Why Banning The Burkini Is An Affront To Human Rights And Ultimately Counterproductive

31/08/2016 16:48 | Updated 31 August 2016

As someone who has worked in Muslim countries I can see both sides of the burkini argument, but I will still assert that banning the burkini (which has been the case in parts of France) is an affront to a basic human right to assert the way you want to appear to the world. Whether this is to be scantily clad or to cover your body it is a personal choice. Admittedly, the sight of women donning the full burka where you can only see someone's eyes, or not at all, can be strange, but I respect a woman's right to do so. Personally, I am in no position to dictate what she can or cannot wear; just as I assert my right to dress how I want to without judgment or discrimination.

When I was filming in Sylhet, Bangladesh in 2002, I was told I had to cover my hair. During the night shoot I was mobbed by crowds of people curious to see a female filmmaker. Finding the scarf annoying and distracting, it kept slipping off my head impeding my ability to work but in order to film it was mandatory to wear it. When filming 'Connecting Faith' - a film about three young Muslims in London, Kuala Lumpur and Dhaka in 2003 - I was filming on the campus of an Islamic university in Malaysia. Once again I was told I had to cover my hair. Choosing to tie my hair back and wear a baseball cap I was castigated for not wearing the headscarf. In my eyes I'd reached a compromise, but instead I was unfairly judged. Similarly on another shoot for a film I was making for the British Council in Bangladesh, the lady accompanying me was British born and white. She chose to wear traditional dress and reprimanded me for wearing jeans. I was there to work and needed to feel comfortable, I was covered up in my eyes and found it ironic that a white non-Muslim female was dictating what I should wear. In London on Brick Lane where I have exhibited, shot many films and taken numerous photos I have at times felt alienated and judged by my fellow Bangladeshis because of my choice of dress. It is a woman's prerogative to cover up, just don't tell me to do the same.

Drawing of Shopna, a Bangladeshi teenager I worked with who was not particularly religious, but felt comfortable covering her hair with a scarf. May I add it was not the hijab she chose to wear. (Featured in Connecting Kids, 2006, Arts Council and British Council)

The few occasions I have gone to the beach with my mother she would go into the sea wearing her sari! It was natural for her to swim like this and no one battered an eyelid. I don't like being in the blazing sun, preferring the shade and often wear long sleeved clothes to protect my skin, but now the lines are being blurred.

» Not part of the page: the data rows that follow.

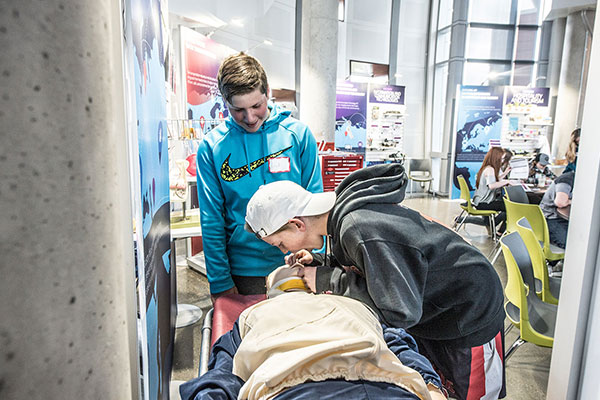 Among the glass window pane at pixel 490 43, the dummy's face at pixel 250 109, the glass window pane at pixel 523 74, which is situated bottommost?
the dummy's face at pixel 250 109

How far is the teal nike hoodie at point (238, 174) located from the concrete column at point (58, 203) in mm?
1253

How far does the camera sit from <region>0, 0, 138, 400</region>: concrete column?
0.38 m

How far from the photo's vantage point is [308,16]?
6680 mm

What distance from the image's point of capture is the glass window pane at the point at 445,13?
409 inches

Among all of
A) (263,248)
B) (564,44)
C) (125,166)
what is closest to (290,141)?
(263,248)

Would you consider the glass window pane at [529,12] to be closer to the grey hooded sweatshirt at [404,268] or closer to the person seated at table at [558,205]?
the person seated at table at [558,205]

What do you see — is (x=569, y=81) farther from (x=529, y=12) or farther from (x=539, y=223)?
(x=539, y=223)

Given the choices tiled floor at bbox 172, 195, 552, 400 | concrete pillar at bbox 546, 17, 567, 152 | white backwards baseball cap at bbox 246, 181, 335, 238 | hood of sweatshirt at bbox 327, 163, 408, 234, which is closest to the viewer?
hood of sweatshirt at bbox 327, 163, 408, 234

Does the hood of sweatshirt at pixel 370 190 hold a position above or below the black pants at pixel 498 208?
above

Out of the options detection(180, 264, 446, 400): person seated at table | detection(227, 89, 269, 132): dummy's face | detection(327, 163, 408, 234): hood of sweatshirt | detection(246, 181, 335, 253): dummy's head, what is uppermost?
detection(227, 89, 269, 132): dummy's face

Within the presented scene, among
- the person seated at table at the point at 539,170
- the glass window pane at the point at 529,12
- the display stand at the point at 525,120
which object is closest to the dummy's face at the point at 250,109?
the person seated at table at the point at 539,170

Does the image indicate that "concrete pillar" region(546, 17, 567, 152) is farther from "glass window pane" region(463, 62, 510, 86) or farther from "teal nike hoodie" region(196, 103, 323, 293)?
"teal nike hoodie" region(196, 103, 323, 293)

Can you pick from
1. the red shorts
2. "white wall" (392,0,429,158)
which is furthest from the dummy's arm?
"white wall" (392,0,429,158)

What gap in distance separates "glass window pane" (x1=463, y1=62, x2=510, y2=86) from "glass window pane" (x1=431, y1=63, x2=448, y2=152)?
627mm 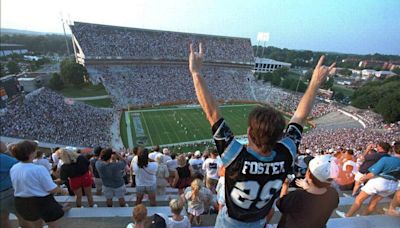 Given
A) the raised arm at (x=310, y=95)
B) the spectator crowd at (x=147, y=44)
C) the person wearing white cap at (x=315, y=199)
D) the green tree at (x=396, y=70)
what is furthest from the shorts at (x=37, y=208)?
the green tree at (x=396, y=70)

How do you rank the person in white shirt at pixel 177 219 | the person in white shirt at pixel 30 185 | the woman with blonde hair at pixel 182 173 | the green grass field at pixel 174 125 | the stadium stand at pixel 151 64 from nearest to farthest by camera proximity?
the person in white shirt at pixel 30 185
the person in white shirt at pixel 177 219
the woman with blonde hair at pixel 182 173
the green grass field at pixel 174 125
the stadium stand at pixel 151 64

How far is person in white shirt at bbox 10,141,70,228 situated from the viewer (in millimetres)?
2748

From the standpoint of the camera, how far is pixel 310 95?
206 cm

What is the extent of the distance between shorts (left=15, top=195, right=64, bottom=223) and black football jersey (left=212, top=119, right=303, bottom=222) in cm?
253

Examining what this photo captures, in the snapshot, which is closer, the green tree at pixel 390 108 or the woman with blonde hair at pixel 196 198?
the woman with blonde hair at pixel 196 198

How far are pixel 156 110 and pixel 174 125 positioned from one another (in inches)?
238

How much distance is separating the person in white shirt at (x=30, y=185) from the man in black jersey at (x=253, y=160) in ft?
7.56

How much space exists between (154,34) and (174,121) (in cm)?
2636

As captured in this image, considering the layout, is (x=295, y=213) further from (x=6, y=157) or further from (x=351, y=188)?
(x=351, y=188)

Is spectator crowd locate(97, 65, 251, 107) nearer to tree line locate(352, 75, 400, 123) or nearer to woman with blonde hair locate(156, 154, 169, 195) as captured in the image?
tree line locate(352, 75, 400, 123)

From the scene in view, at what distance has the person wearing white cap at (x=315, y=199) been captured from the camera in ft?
6.57

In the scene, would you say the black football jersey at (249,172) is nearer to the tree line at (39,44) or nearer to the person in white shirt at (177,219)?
the person in white shirt at (177,219)

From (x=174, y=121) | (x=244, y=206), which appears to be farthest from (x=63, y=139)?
(x=244, y=206)

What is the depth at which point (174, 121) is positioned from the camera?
1110 inches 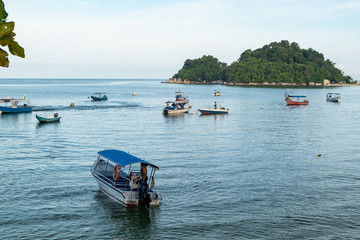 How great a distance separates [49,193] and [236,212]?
42.5 feet

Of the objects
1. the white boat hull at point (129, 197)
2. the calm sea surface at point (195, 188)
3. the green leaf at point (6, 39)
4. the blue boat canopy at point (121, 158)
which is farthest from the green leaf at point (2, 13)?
the white boat hull at point (129, 197)

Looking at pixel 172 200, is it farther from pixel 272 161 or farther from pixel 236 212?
pixel 272 161

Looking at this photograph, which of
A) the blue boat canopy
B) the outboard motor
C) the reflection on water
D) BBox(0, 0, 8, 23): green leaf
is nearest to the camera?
BBox(0, 0, 8, 23): green leaf

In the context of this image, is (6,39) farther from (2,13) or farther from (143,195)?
(143,195)

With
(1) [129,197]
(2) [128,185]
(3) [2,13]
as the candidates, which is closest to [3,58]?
(3) [2,13]

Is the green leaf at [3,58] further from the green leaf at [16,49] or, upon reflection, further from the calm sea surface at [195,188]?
the calm sea surface at [195,188]

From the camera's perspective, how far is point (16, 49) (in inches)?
180

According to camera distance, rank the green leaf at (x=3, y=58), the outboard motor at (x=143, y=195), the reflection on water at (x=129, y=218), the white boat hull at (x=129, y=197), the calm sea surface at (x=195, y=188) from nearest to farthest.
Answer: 1. the green leaf at (x=3, y=58)
2. the reflection on water at (x=129, y=218)
3. the calm sea surface at (x=195, y=188)
4. the outboard motor at (x=143, y=195)
5. the white boat hull at (x=129, y=197)

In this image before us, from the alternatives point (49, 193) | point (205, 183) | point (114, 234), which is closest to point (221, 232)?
point (114, 234)

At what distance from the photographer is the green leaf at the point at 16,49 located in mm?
4480

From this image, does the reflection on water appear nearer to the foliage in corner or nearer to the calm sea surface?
the calm sea surface

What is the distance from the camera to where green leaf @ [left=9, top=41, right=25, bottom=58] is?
4480 millimetres

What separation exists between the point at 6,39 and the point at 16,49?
25 centimetres

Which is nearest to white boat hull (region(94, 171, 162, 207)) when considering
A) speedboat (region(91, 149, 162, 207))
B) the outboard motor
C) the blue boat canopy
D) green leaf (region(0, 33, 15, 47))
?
speedboat (region(91, 149, 162, 207))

France has been subjected to brutal and indiscriminate acts of terrorism and naturally is on high alert, but to vilify women for their choice of dress is counterproductive. It will only instigate resentment, feelings of exclusion and help cement divisions in an already divided France.

Being different is something that has dogged me throughout my life because of the way I look, my views, my art, my writing and yet I continue to assert that right to be different and would argue that difference is what makes the world interesting. If we were all the same how tedious would that be? We are facing a time of uncertainty and fear and how do we deal with this new landscape. Do we accept and embrace difference or do we retreat, put up walls and exclude?

The woman in Cannes sleeping peacefully on the beach surrounded by bikini clad and scantily dressed sunbathers posed no threat to anyone, she was enjoying a lovely, sunny day and taking a nap. To see her being forced to undress by intimidating officers and fined for wearing a long sleeved tunic is a step too far. How does that woman feel now, about being French, about being part of French society, about how she should dress? Her humiliation, as others looked on, was palpable. Just as I felt affronted when I was told to cover up, she felt affronted for being told to undress. It is no different and it is wrong.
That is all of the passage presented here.